Most modern object detection methods make predictions make predictions relative to some initial guesses. Recent work demonstrate that the final performance of these systems heavily depends on the exact way these initial guesses are set.

The DETR Model

Two ingredients are essential for direct set predictions in detection:

  1. a set prediction loss that forces unique matching between predicted and ground truth boxes.
  2. an architecture that predicts (in a single pass) a set of objects and models their relation.

Object Detection Set Prediction Loss

DETR infers a fixed-size set of \(N\) predictions, in a single pass through the decoder, where \(N\) is set to be significantly larger than the typical number of objects in an image.

Note

One of the main difficulties of training is to score predicted objects (class, position, size) with respect to the ground truth.

The proposed loss produces an optimal bipartite matching between predicted and ground truth objects, and then optimize object-specific (bounding box) losses.

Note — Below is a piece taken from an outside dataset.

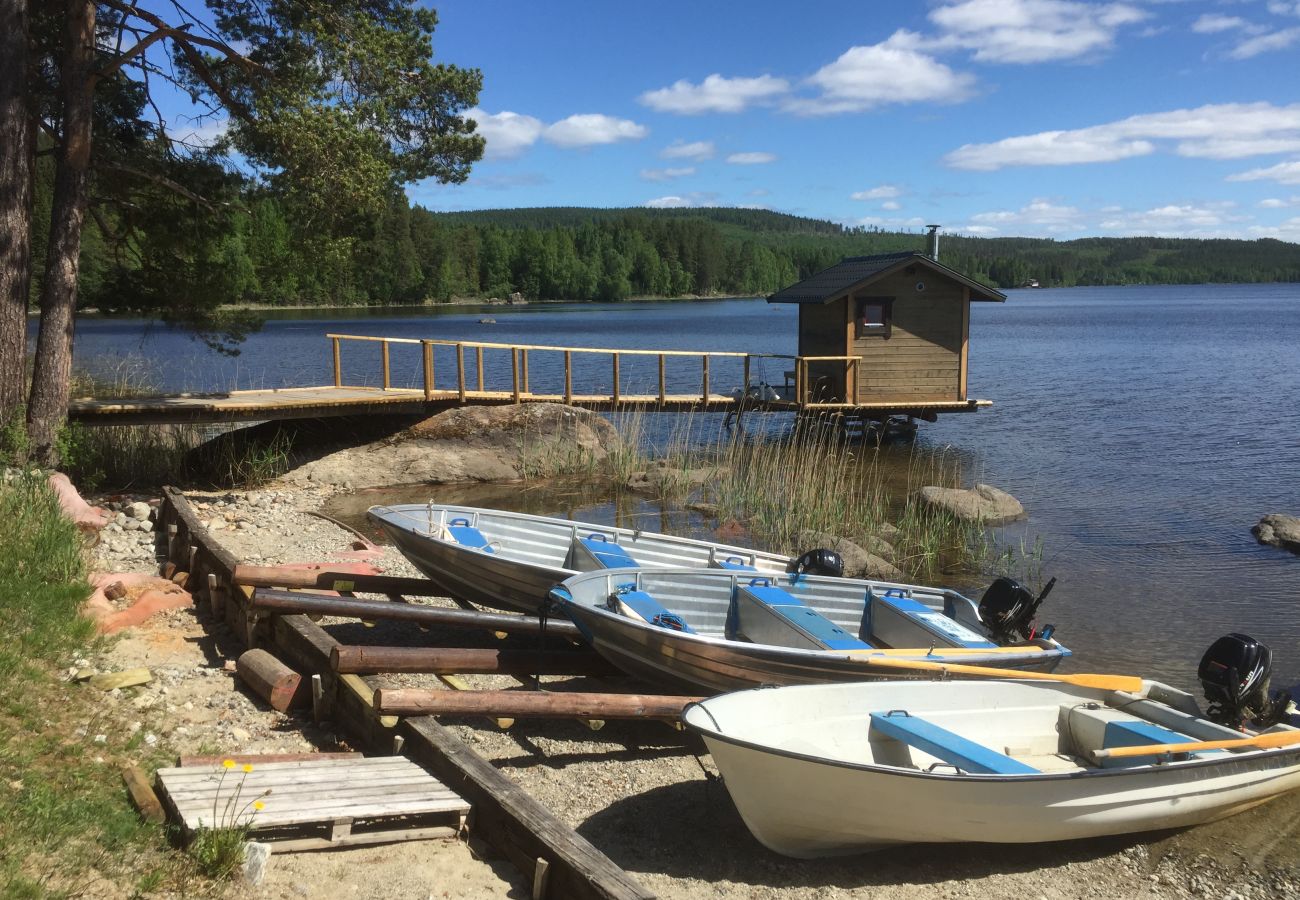 Stuga i Liden - Timmerstuga precis vid sjön med båt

The matching cost takes into account both the class prediction and the similarity of predicted and ground truth boxes.

  • In the bipartite graph matching, they use probabilities for matching classes. But they use log-probabilities in the Hungarian loss.
  • The most commonly-used l1 loss will have different scales for small and large boxes even if relative errors are similar. To mitigate this issue they use a linear combination of the l1 loss and the generalized IoU loss.

DETR Architecture

detr_architecture

Transformer Encoder

The encoder expects a sequence as input, hence they collapse the spatial dimensions of \(z_0\) into one dimension, resulting a \(d \times HW\) feature map.

Transformer Decoder

The difference with the original transformer is that the new model decodes the \(N\) objects in parallel at each decoder layer, while the original transformer uses an auto-regressive model that predicts the output sequence one element at a time.

Since the decoder is also permutation-invariant, the \(N\) input embeddings must be different to produce different results. These input embeddings are learnt positional encodings that they refer to as object queries, and similarly to the encoder, they add them to the input of each attention layer.

Note

  • The \(N\) object queries are transformed into an output embedding by the decoder in parallel.
  • They are then independently decoded into box coordinates and class labels by a feed forward network, resulting \(N\) final predictions.

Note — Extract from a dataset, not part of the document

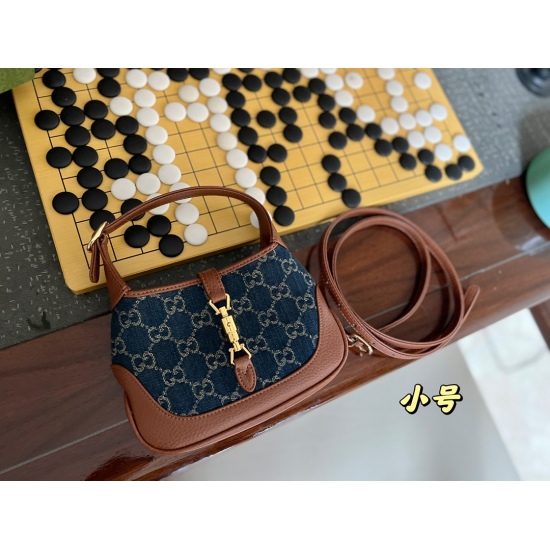 2023.10.03 220 210 box size: 28 * 18cm (large) 20 * 15cm (small) GG denim jackie1961 is very classic and retro! Mobile phone max can be put down! Double G jacquard denim fabric ➕ Premium brown leather! ⚠️ Pair with a single leather shoulder strap!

Prediction Feed-forward Networks (FFNs)

The final prediction is computed by a 3-layer perceptron with ReLU activation function and hidden dimension \(d\), and a linear projection layer.

Auxiliary Decoding Losses

They found it is helpful to use auxiliary losses in decoder during training, especially to help the model output the correct number of objects of each class.

  • They add prediction FNNs and Hungarian loss after each decoder layer.
  • All prediction FFNs share their parameters.
  • They use an additional shared layer-norm to normalize the input to the prediction FFNs from different decoder layers.